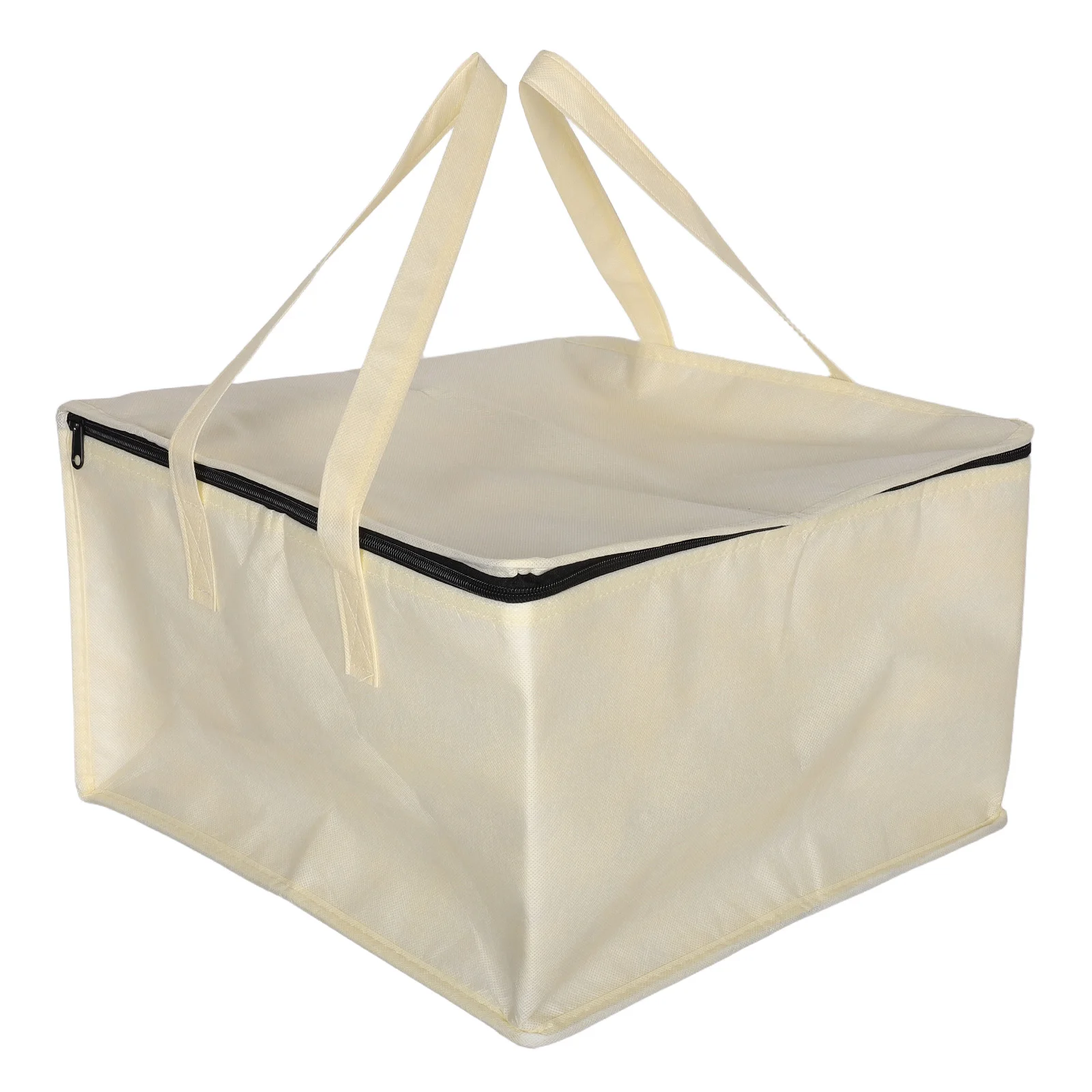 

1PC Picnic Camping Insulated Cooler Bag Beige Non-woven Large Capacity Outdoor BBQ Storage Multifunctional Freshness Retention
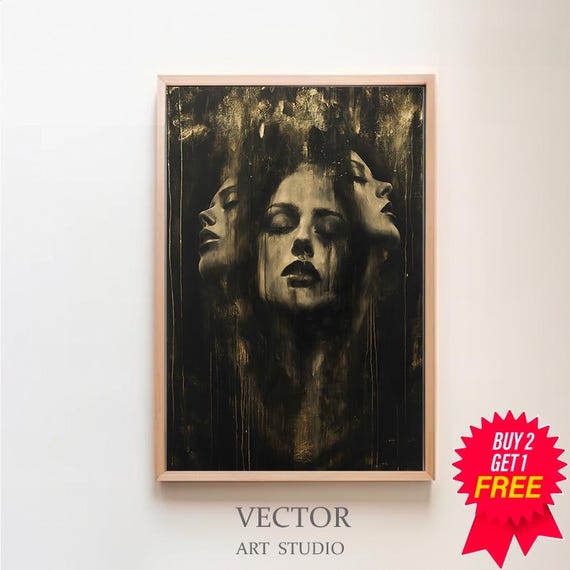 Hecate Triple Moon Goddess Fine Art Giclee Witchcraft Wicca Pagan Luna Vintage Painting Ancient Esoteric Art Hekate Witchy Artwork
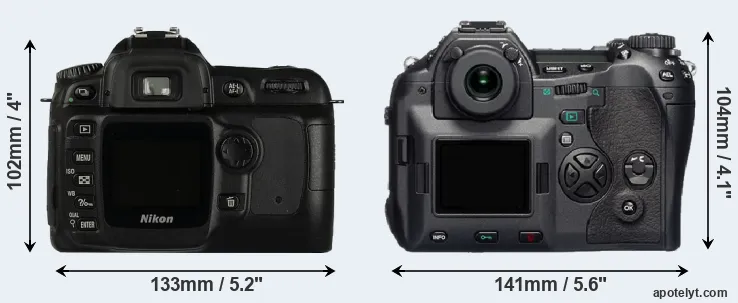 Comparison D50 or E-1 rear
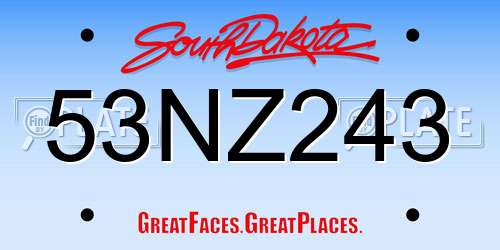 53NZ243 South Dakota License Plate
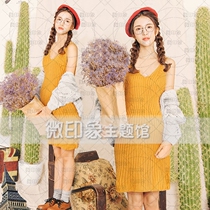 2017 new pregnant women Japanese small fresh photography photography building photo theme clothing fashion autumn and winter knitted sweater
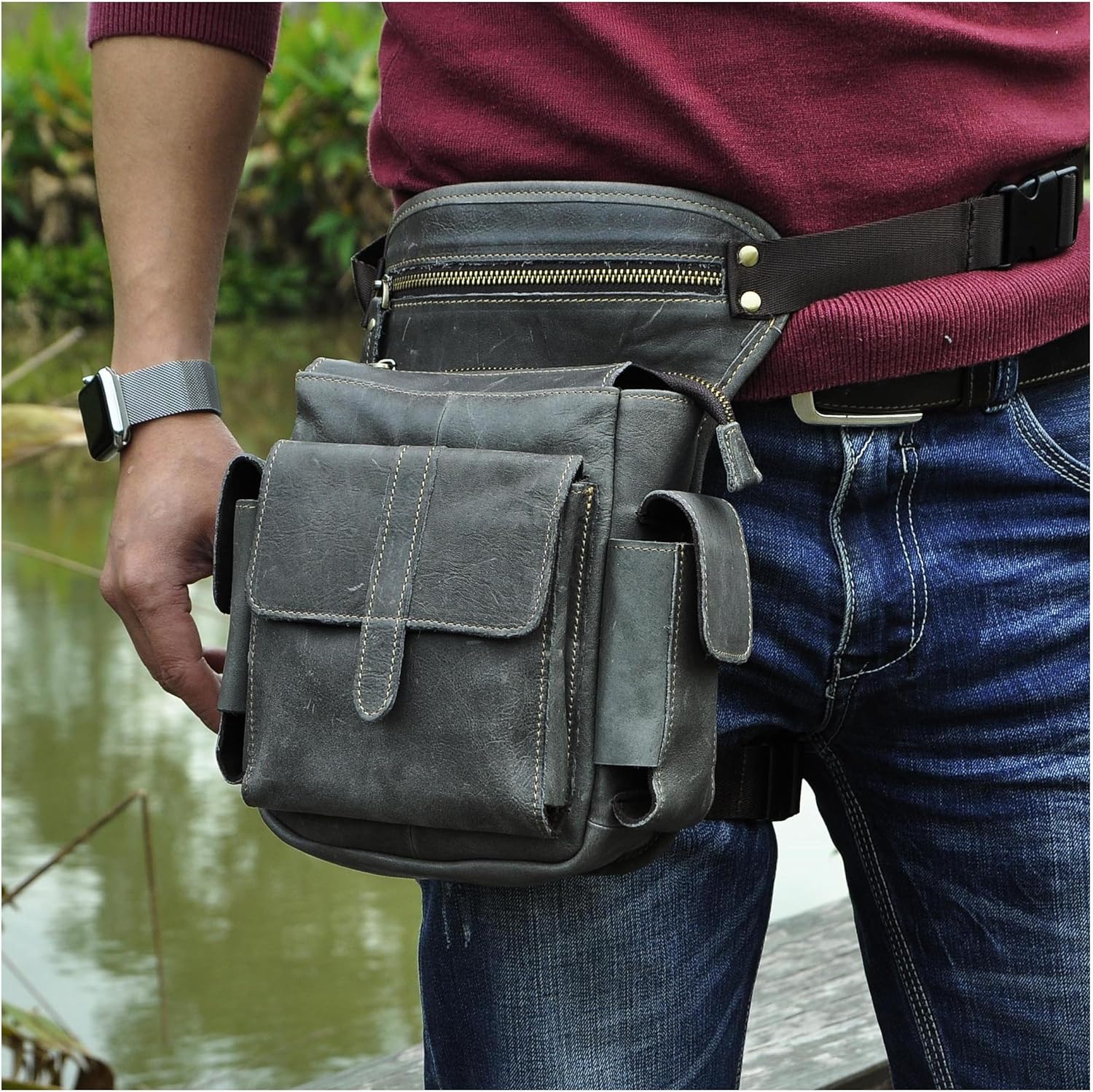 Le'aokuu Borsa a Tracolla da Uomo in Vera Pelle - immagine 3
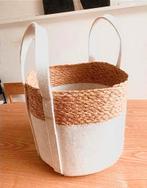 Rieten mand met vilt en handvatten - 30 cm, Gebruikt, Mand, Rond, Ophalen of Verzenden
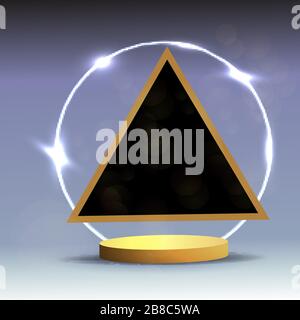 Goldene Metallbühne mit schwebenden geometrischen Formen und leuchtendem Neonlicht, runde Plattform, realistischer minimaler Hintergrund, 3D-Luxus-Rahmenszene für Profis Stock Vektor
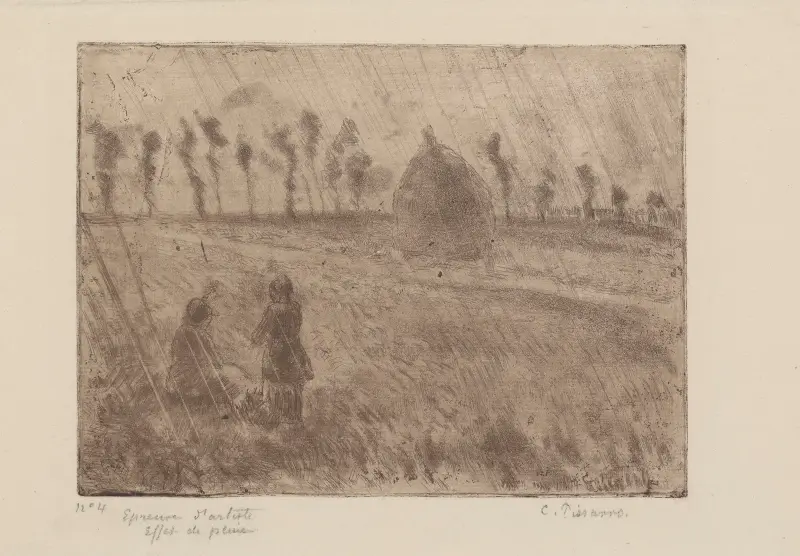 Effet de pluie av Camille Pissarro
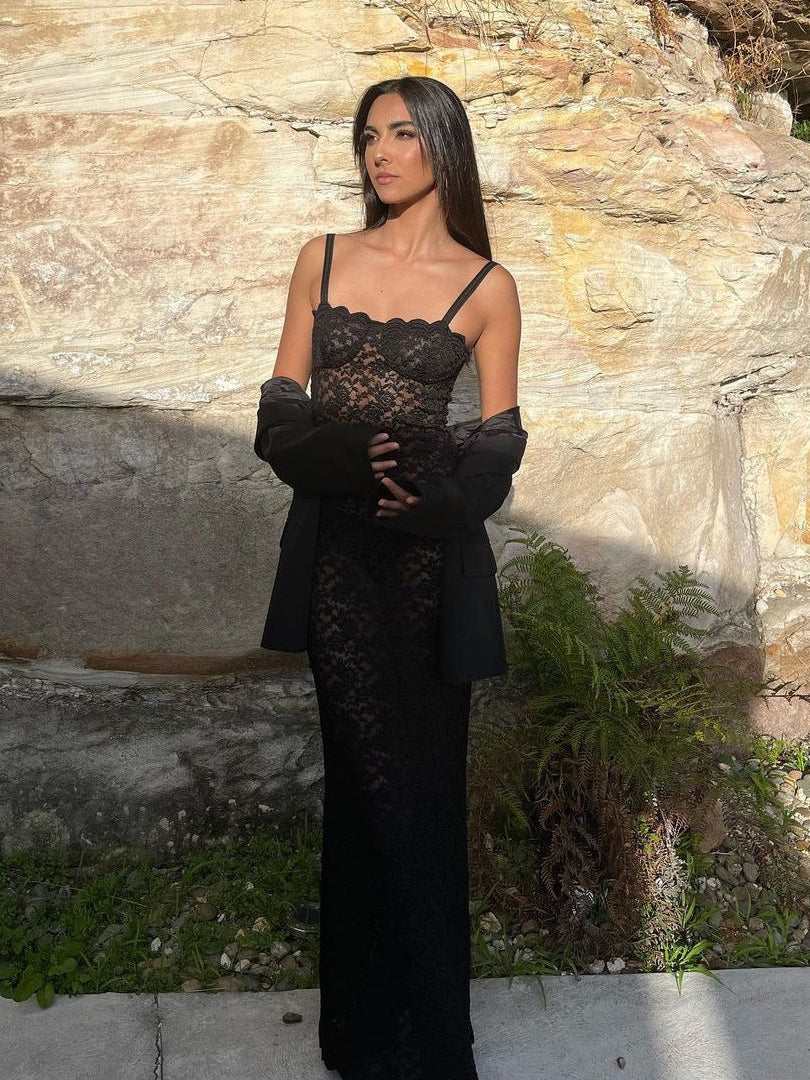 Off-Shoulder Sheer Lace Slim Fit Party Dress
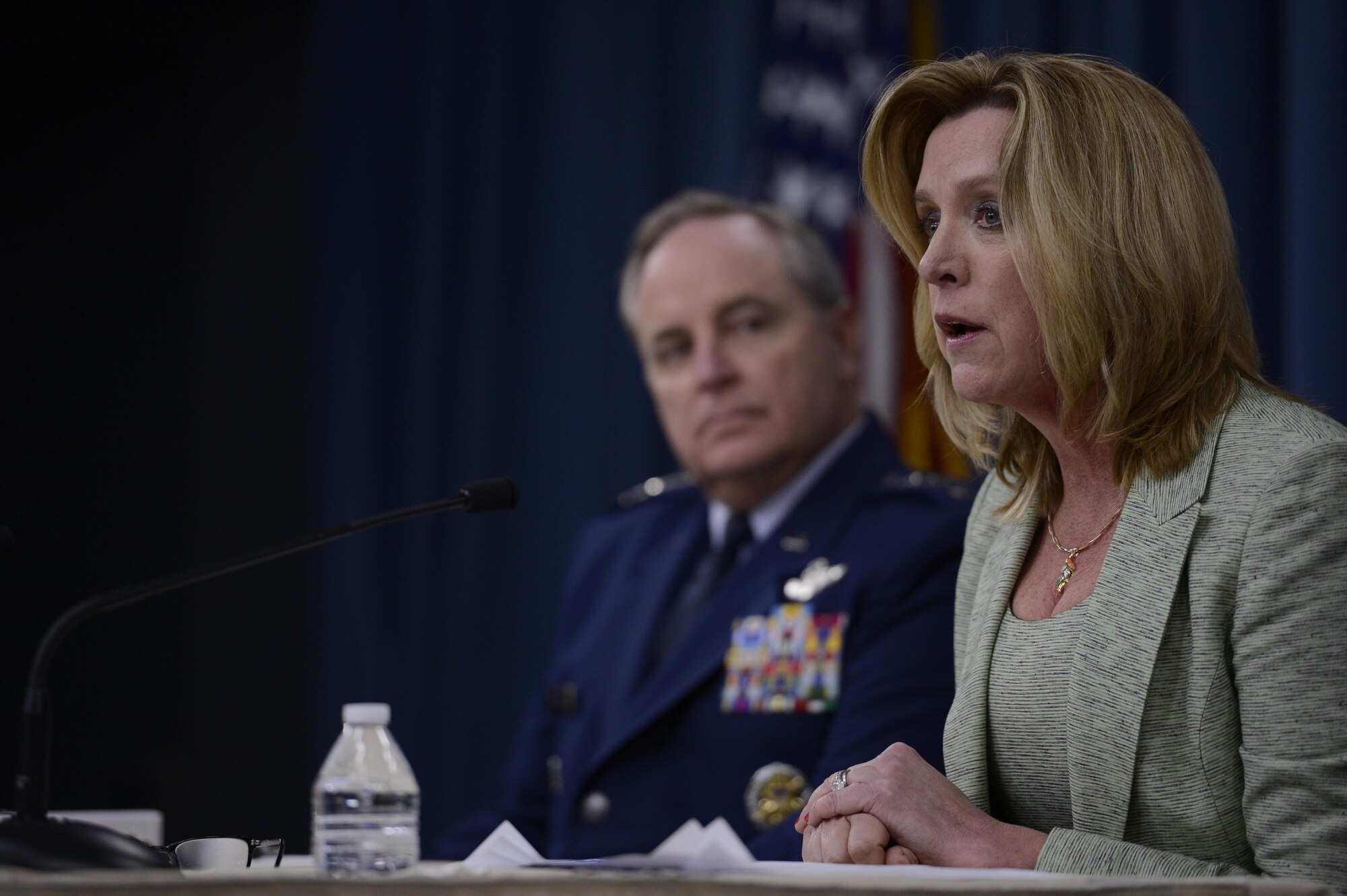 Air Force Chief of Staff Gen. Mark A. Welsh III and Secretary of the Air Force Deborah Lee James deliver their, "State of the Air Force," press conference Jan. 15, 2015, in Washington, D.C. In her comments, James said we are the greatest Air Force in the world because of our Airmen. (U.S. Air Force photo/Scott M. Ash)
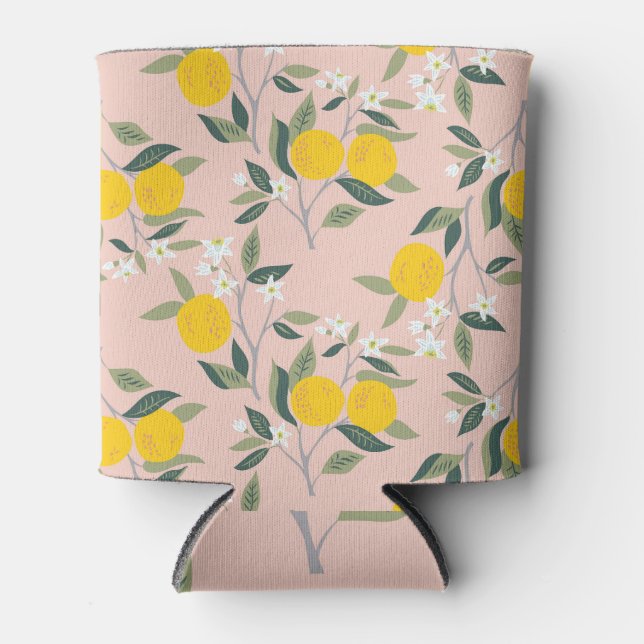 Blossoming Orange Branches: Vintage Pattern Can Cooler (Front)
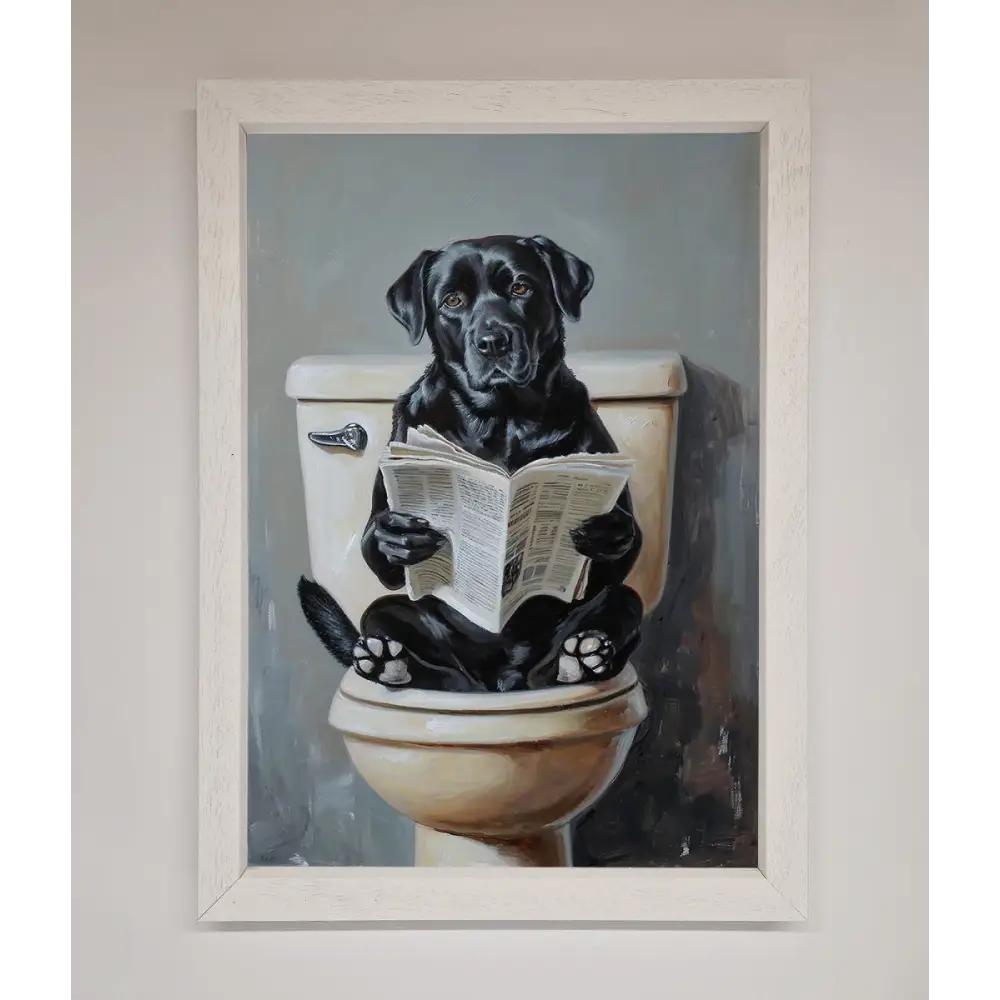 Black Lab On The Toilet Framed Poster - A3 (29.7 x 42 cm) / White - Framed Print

▬▬▬

**THE TASK**
Nothing but the lines from the one containing "Le'aokuu Borsa a" through the final line of the records, both included and copied exactly, should appear in the answer; pictures stay out.

**TASK SOLUTION**
 Le'aokuu Borsa a Tracolla da Uomo in Vera Pelle - immagine 3
 Rieten mand met vilt en handvatten - 30 cm, Gebruikt, Mand, Rond, Ophalen of Verzenden
 Goldene Metallbühne mit schwebenden geometrischen Formen und leuchtendem Neonlicht, runde Plattform, realistischer minimaler Hintergrund, 3D-Luxus-Rahmenszene für Profis Stock Vektor
 Effet de pluie av Camille Pissarro
 Off-Shoulder Sheer Lace Slim Fit Party Dress
 Air Force Chief of Staff Gen. Mark A. Welsh III and Secretary of the Air Force Deborah Lee James deliver their, "State of the Air Force," press conference Jan. 15, 2015, in Washington, D.C. In her comments, James said we are the greatest Air Force in the world because of our Airmen. (U.S. Air Force photo/Scott M. Ash)
 Blossoming Orange Branches: Vintage Pattern Can Cooler (Front)
 Black Lab On The Toilet Framed Poster - A3 (29.7 x 42 cm) / White - Framed Print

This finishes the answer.